I’ll stop staring at the Rolls-Royce share price and target these 2 FTSE 100 stocks instead

I got my timing just right when I bought FTSE 100 flier Rolls-Royce (LSE: RR) shares on 1 November last year. They’re up 125% since then and I can’t help smiling every time I check them out.

Yet my pleasure is tinged with pain. I thought it was a risky buy and only invested a tiny sum. Over one year, the shares are up 70%.

I’ve been wondering whether to expand my stake, but after the stock jumped more than 20% following Wednesday’s bumper first-half results, I decided the moment had passed. I risked wiping out all of my modest gains if my bigger bet backfired.

I can’t be alone in wondering whether it’s too late to buy into the Rolls-Royce recovery. Typically, the biggest gains are usually made early doors. New CEO Tufan Erginbilgic’s multi-year transformation programme has got off to a brilliant start as profits and cash generation soar. However, today’s upbeat expectations look priced into its sky-high valuation of 78.28 times earnings.

I’m no high roller, sadly

Now I’m wondering whether it’s finally time to buy equipment rental firm Ashtead Group (LSE: AHT) instead. This is the very best performing FTSE 100 stock over the last five years, growing 141.35% over that time.

This isn’t a one off. It’s the best performer over the last 20 years too, during which times it delivered a staggering total return of 41,408%. That turned £5k into a scarcely believable £2.28m. Over the last year, it’s up a solid 34.56%.

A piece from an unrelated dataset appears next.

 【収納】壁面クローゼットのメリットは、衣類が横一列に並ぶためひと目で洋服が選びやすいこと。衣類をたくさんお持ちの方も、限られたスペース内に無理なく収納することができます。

Ashtead generates 80% of its revenues from US subsidiary Sunbelt Rentals where growth has been driven by the Biden administration’s $1trn US infrastructure splurge. This has caused supply shortages in base equipment such as diggers, cranes and drills, so businesses have been renting them from Ashtead instead.

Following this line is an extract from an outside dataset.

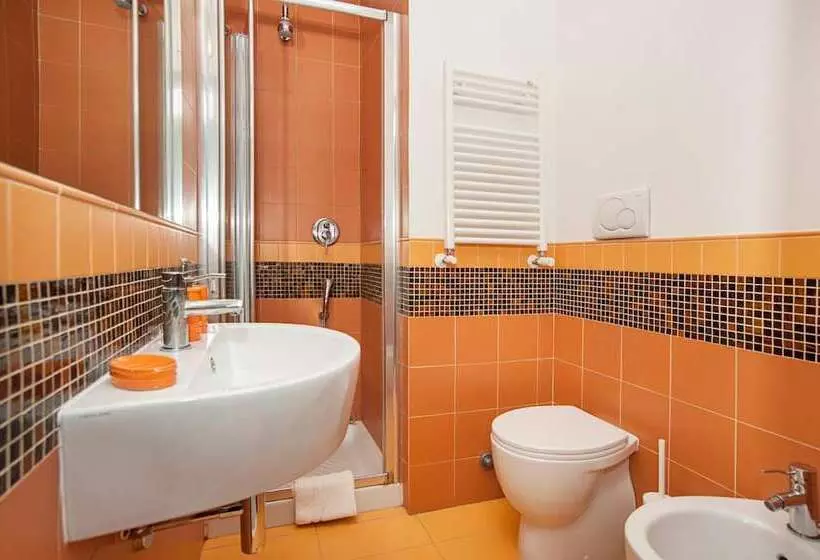 פונדק Flowerome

The share price just keeps growing yet trades at a less-than-demanding 18.18 times earnings. The worry is that the US will fall into recession, hitting demand just after Ashtead invests in a load of new kit. I can’t keep putting off this purchase though. It’s a lot cheaper than Rolls-Royce, and doesn’t come with any of the recent baggage.

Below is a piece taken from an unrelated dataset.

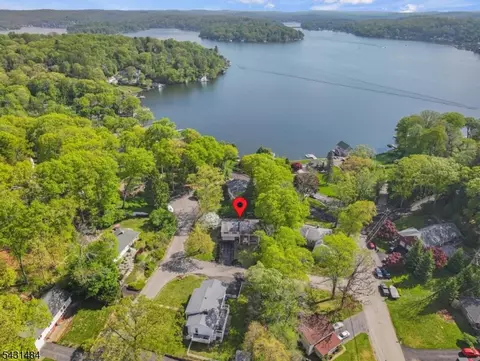 3 Nice Pl, Hopatcong, NJ 07843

I’ve got an eye on this one, too

FTSE 100-listed investment company 3i Group (LSE: iii) is another growth stock I meant to buy yonks ago but decided was too expensive. Like Ashtead, it’s kept growing and growing. In fact, 3i is the second best performer on the FTSE 100 over five years, up 107.48%. Over 12 months, it’s up another 60.07%. This is another growth stock that keeps giving.

3i gives shareholders quoted access to private equity and infrastructure and while that sounds risky, two things offer me comfort. First, its consistent performance. Second, it’s built up a wealth of experience having been operating since 1945.

These should be tough times for private equity, as interest rates rise and inflation discounts the value of future earnings. Yet 3i keeps powering on. Only one thing worries me. It’s expensive, trading at a premium of 9.21% to the underlying value of its assets.

I could wait for it to become cheaper, but I said that five years ago and have been kicking myself ever since. I’ll call it reassuringly expensive and buy in August. Then I’ll take another look at those Rolls-Royce shares.